Aging: It is when all those things you secretly laughed at in other people who were stereo-typically "older"--things you adamantly said you would never do; appendages or accessories you thought that you would never wear --aging is when those very things suddenly become part of YOUR identity.
The last year has been one of recovering my vision. This time last year I was literally half blind. One eye went through a rapid decline in vision and I needed to get my eyes tested. But I put it off (because I am a procrastinator) until I began to worry that something was seriously wrong. While at a doctor's appointment for a physical, I asked him to take a look at my right eye.
"Oh, yes, you have a cataract," he said, as though confirming something I should know.

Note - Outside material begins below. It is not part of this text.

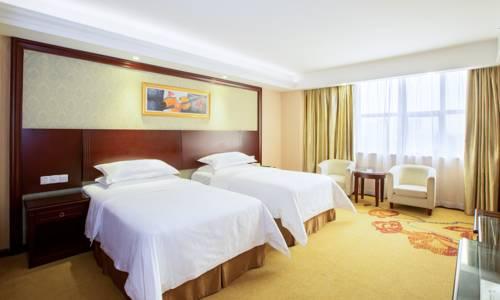 Vienna Hotel (Huizhou Yanda Avenue) 24/44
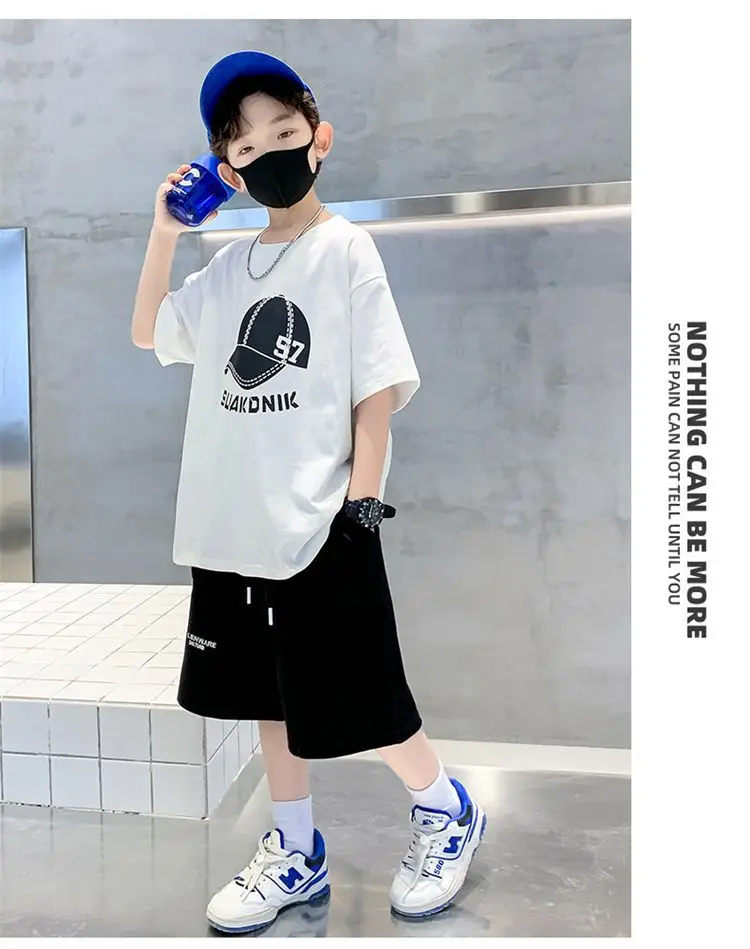 Boys White NBA Graphic T-Shirt Medium Summer Wear — feature 13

"Me? I'm too young for a cataract," I thought but didn't say.
I mean I had only just the year before, lost all semblance of mystique in the bedroom by adding a C-PAP machine to my nighttime routine. Obviously the benefits far outweighed the loss of pride, and I learned to put up with the wise cracks that came my way. Yes, the force is with me!
But now--a cataract?
I went through the lengthy process of tests and preoperative preparations, and to my happy surprise, the result of the surgery was near miraculous. Suddenly and immediately, I could see again, and without any corrective lens in that eye. It was wonderful. The eye surgeon smiles now when he sees me coming for check ups and says I am his happiest patient.

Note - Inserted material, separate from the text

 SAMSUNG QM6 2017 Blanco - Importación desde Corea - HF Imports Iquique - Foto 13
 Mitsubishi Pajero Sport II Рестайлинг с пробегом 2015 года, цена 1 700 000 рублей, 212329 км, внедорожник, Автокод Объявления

There was only one slight problem. Now both eyes were quite different and drug store reading glasses no longer worked well. I do a lot of computer work and love to read, but reading was so exhausting that I found the urge to sleep creeping up after a few minutes.

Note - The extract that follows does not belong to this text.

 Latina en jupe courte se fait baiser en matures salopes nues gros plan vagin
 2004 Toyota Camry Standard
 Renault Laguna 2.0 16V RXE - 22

Finally last week I got a new lens for the other eye to even them out, and excitedly bought some new drug store reading glasses.
There are reading glasses all over our house. Like a clear plastic crop, they sprout randomly in the bathroom; the kitchen; the den; my purse; my office. Because heaven forbid I should ever be without a pair--I can't see a thing that is small without them.
Today I was sitting in a morning meeting alternating between looking at a Powerpoint presentation without glasses, and reaching for them to read the handouts, when the unthinkable crossed my mind. I thought of those cord thingies that "old" people wear around their necks with glasses hanging from them. "That would be so handy," I found myself thinking.
My route back to the office would take me right past a Shoppers Drug Mart store and I could hardly wait to go get one of those cords for myself. The unthinkable had become very thinkable!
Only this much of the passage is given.